---------- Data excerpt
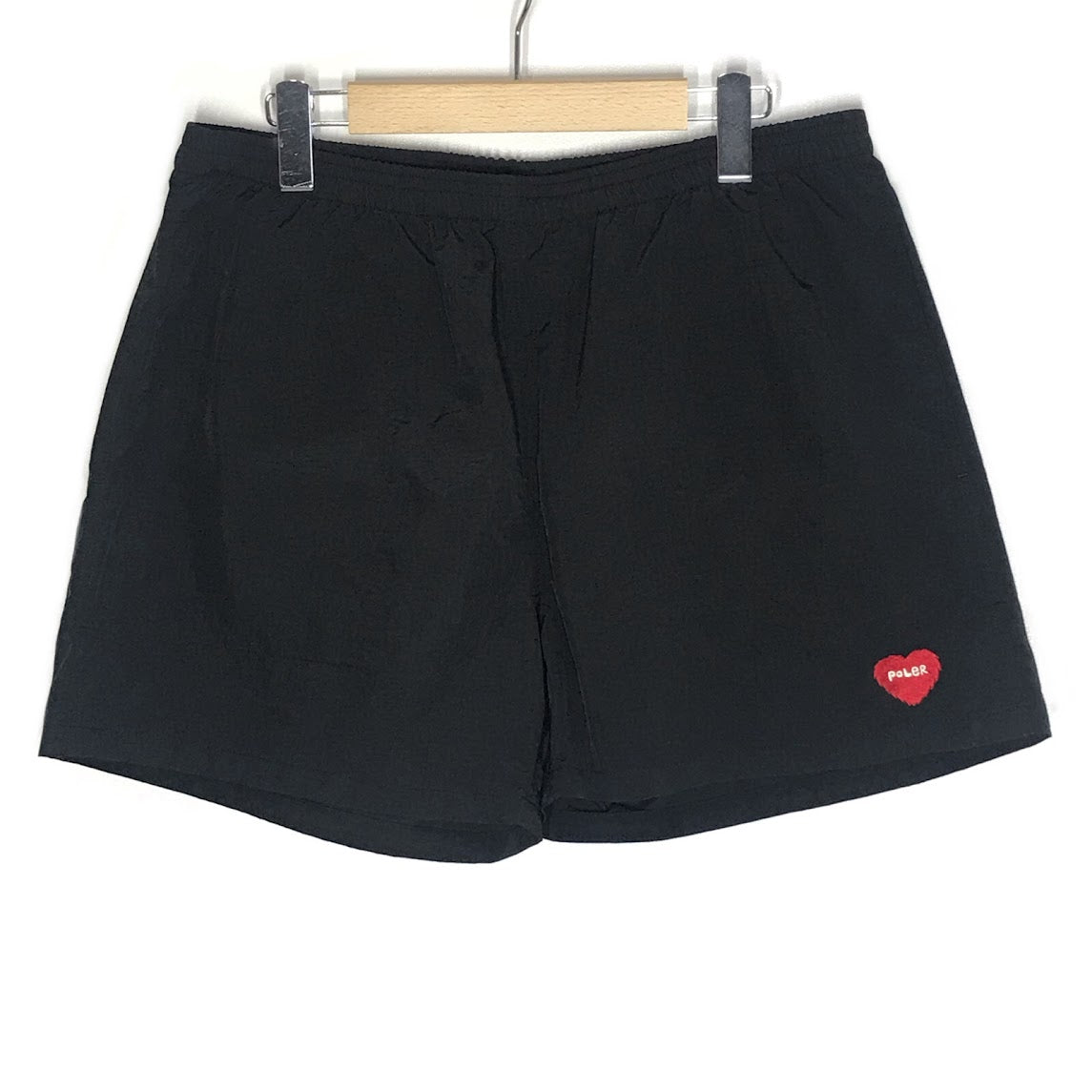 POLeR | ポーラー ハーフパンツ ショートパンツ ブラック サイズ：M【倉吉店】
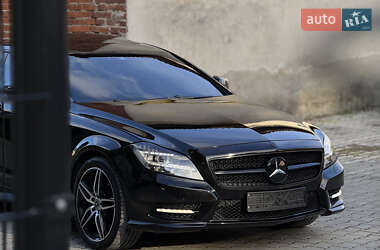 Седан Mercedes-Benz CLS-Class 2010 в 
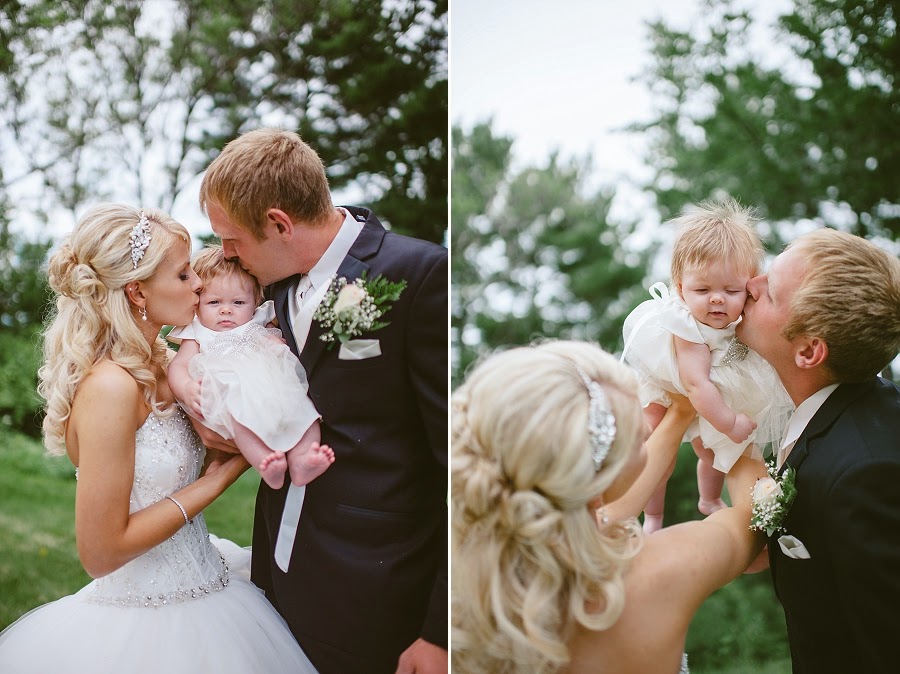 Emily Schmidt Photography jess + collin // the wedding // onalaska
--------------------
Exercise goal: Leaving every picture aside, repeat the listing exactly.

Solution to this task:
 POLeR | ポーラー ハーフパンツ ショートパンツ ブラック サイズ：M【倉吉店】
 Седан Mercedes-Benz CLS-Class 2010 в 
 Emily Schmidt Photography jess + collin // the wedding // onalaska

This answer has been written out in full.